An A-Z Guide to the Search for Plato's Atlantis

Volcanism is not part of the Atlantis story as related by Plato. His narrative clearly attributes the destruction of Atlantis and the Athenians to flooding and earthquake. Admittedly, flooding can be the result of some volcanic activity, but in the absence of any evidence to support this view in the case of Atlantis, the idea is only supposition. While most accept that Atlantis was named after its first king, Atlas, Frank Joseph’s fertile imagination suggests[104] that ‘the island of Atlantis was named after its chief mountain, a dormant volcano’. For those that place Atlantis in the Atlantic the idea of volcanic or seismic activity as the cause of the flooding of Atlantis AND Athens are hard pressed to suggest a location for this activity that would explain two catastrophes two thousand miles or more apart.

Nevertheless, a recent book by William Lauritzen, The Invention of God[745], makes a convincing case for accepting volcanic activity as the inspiration behind some of the imagery of ancient mythologies and most major religions. Lauritzen also suggest that the pyramids were meant to represent volcanoes.
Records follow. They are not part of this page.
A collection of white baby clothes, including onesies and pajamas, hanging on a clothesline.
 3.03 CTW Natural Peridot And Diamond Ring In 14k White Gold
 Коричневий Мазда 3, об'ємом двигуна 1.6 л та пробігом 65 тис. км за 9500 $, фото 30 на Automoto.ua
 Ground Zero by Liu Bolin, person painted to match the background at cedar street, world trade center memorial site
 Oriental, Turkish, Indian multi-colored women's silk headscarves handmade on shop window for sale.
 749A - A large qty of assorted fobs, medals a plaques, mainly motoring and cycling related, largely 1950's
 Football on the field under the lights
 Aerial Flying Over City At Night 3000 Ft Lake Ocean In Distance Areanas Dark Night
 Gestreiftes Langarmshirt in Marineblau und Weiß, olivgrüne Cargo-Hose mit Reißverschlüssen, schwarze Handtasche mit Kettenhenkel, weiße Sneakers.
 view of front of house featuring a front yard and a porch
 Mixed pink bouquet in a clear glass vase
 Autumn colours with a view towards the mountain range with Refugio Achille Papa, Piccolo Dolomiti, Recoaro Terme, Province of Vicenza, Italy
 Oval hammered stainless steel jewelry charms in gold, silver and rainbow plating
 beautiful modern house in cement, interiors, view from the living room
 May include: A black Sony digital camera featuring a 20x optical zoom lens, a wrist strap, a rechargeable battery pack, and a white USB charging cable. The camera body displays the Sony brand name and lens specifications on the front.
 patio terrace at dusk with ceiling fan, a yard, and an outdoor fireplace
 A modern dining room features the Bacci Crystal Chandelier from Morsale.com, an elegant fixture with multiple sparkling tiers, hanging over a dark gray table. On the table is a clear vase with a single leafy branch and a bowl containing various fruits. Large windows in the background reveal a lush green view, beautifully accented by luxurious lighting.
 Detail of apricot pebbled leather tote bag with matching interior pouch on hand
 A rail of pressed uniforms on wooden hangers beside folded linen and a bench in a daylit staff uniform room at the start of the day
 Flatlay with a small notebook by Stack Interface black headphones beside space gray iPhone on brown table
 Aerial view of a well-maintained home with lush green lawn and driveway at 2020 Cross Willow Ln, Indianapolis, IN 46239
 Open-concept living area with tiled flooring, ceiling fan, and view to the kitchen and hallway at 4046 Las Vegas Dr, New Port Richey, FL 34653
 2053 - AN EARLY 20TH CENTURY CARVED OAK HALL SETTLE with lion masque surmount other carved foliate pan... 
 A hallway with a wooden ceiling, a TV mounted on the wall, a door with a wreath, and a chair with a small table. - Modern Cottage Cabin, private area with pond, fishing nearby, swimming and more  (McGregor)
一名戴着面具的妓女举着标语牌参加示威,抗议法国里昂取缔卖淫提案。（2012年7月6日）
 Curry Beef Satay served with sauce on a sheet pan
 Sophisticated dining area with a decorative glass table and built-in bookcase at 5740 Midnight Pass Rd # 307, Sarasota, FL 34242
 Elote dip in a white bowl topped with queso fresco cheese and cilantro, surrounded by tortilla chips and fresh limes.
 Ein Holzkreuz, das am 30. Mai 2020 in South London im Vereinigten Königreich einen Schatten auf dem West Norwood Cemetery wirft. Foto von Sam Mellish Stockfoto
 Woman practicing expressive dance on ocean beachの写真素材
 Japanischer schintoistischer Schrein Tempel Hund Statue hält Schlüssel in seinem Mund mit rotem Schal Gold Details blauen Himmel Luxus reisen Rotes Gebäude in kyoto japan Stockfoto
The most active volcanic region of Europe is to be found in Italy, where Etna and Stromboli have been continuously erupting for thousands of years(b).

Stromboli

The cataclysmic volcanic eruption of Thera in the second millennium BC has had a strong level of support as the cause of Atlantis’ collapse, a view endorsed by recent television documentaries and an IMAX film. The Greek volcanologist, George Vougioukalakis, whose research is featured in the aforementioned film, is convinced that the eruption of Santorini offers the most rational explanation for the truth behind Plato’s story(a). However, he dissents from the recently expressed view that pumice found on the Northern Sinai Peninsula was transported there by a tsunami generated by the eruption of Thera and prefers to believe their transportation there was by normal sea currents.

Apart from Santorini, Jim Allen also proposes his Andean location, the village of Quillacas, on top of a volcano, as the site of Atlantis and more recently Richard W. Welch has suggested the eruption of a supervolcano in the Atlantic as the cause of Atlantis’ demise. And so the idea of a volcanic destruction of Atlantis still has some support!